Birds fly lower to find pockets of higher pressure. Sound waves bounce off the low cloud ceiling giving noises a hollow ring to our ears; odors waft up in the lower pressure so that we can literally smell the rain coming. The very air can seem coiled, poised to spring, to pounce, unleashing the power and the glory both.
But not all the answers lie in science. On a day in 1874, John Muir heard a storm approaching in Yosemite. While most people in those circumstances seek shelter, Muir embraced it. “When I heard the storm, I made haste to join it,” he wrote, “for in storms nature has always something extra fine to show us.” He sought out the windiest ridge and there climbed a 100-foot Douglas fir, riding for hours the swaying tree “like a bobolink on a reed.” While others huddled in the safety of the indoors, Muir reveled in the wildness, taking it all in, letting the storm revive and renew him. “The winds will blow their freshness into you,” he wrote, “and the storms their energy.”

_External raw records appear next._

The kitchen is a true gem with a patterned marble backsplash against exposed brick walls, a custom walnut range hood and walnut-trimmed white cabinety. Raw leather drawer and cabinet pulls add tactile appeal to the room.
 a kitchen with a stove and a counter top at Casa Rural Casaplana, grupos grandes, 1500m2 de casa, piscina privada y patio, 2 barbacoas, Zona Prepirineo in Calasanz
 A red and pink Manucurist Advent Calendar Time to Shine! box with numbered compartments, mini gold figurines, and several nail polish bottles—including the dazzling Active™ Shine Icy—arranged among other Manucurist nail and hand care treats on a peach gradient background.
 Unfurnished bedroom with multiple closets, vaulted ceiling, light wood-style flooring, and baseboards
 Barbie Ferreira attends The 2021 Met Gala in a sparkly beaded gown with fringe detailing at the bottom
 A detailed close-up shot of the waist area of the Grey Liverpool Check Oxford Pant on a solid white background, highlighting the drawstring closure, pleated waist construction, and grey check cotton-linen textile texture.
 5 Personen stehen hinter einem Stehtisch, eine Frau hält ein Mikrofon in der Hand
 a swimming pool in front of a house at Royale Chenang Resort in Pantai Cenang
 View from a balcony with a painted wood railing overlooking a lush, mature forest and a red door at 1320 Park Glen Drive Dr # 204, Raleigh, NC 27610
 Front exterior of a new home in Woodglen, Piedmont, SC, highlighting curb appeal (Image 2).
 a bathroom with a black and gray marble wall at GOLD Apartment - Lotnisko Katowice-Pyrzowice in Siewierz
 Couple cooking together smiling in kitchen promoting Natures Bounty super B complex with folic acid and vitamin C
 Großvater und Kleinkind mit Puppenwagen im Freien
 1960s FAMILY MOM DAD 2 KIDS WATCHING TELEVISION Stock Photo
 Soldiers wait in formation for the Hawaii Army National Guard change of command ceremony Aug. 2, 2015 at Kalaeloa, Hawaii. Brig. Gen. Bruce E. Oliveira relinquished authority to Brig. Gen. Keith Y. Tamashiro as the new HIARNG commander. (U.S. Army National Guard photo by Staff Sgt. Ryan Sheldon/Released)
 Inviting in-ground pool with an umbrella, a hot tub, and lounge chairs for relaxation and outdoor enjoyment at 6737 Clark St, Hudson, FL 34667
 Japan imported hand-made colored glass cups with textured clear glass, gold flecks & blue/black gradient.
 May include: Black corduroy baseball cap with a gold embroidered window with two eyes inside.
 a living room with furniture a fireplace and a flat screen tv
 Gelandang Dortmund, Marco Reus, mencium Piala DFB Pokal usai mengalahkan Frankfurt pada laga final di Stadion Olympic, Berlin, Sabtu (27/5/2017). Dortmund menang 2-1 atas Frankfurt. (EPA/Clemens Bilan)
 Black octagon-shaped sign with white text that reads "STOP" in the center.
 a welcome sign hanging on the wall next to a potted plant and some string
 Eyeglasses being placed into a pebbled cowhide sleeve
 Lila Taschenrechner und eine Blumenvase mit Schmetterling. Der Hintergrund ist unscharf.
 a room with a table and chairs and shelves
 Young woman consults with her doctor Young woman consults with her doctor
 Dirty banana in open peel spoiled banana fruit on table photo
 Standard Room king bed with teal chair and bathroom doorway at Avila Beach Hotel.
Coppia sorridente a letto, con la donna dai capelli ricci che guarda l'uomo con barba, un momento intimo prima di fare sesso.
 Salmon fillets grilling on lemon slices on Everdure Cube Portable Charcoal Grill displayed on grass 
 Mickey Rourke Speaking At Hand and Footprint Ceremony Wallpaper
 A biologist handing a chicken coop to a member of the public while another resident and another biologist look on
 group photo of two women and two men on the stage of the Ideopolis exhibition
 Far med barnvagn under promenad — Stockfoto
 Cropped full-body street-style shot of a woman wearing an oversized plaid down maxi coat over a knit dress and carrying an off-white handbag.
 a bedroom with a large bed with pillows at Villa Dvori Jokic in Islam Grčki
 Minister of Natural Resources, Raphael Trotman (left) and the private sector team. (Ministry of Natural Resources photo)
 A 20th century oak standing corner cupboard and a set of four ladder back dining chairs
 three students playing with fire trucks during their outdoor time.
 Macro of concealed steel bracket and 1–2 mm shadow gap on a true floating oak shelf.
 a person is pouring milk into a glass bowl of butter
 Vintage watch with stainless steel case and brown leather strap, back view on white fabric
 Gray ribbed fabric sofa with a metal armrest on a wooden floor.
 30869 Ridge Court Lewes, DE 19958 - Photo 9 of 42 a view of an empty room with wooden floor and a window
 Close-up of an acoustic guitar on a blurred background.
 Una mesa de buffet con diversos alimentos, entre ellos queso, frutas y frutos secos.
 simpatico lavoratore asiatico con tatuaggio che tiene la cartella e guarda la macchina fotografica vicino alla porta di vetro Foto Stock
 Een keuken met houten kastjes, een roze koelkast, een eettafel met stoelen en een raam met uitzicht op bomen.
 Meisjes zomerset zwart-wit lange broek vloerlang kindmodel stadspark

That energy Muir spoke of has little or nothing to do with amperes or degrees Fahrenheit. His defiant act to venture out in what he called “one of the most bracing wind-storms conceivable” to climb while others were seeking shelter was no scientific experiement like Ben Franklin and his fabled kite. It was the act of a poet and dreamer seeking the kind of communion with nature not possible in calm, clear moments, but found only and most purely at the heart of a storm, and it changed his view of that wild place. “[N]ever before,” he wrote, “did these noble woods appear so fresh, so joyous, so immortal.”
All of that - from Macbeth to meterology and Muir - swirls in my head stunning me to stillness until I hear the first splatter of rain smack into the windshield and feel the first cold fingers of wind wrapping around the open neck of my unzipped rainjacket. Like a slap in the face, I realize the storm is not going to miss us. We are not going to skirt the edges. It is here and we will be, for better or worse, right in its path. I am suddenly fully and utterly awake. With a surge of adrenaline coursing in my veins like a crack of lightning, I batten down the hatches, zip my raingear, spin the bow of the Little Dipper, and throttle up, ready for whatever power or glory lies at the dark heart of the approaching storm now fully embracing the islands, and us, as we run for a lee.
— Jeff Rennicke (all photography by the author unless otherwise noted).
Wow! Your words and photographs capture the power and beauty of storms on the lake.
one of your best. Just returned from my yearly visit to the lake. Was reminded of the wild trip I took as a high school kid, a week on Stockton, and the storms that charged our hearts those days as we huddled in flimsy tents, waiting to be victim or vanquisher of the wind and rain.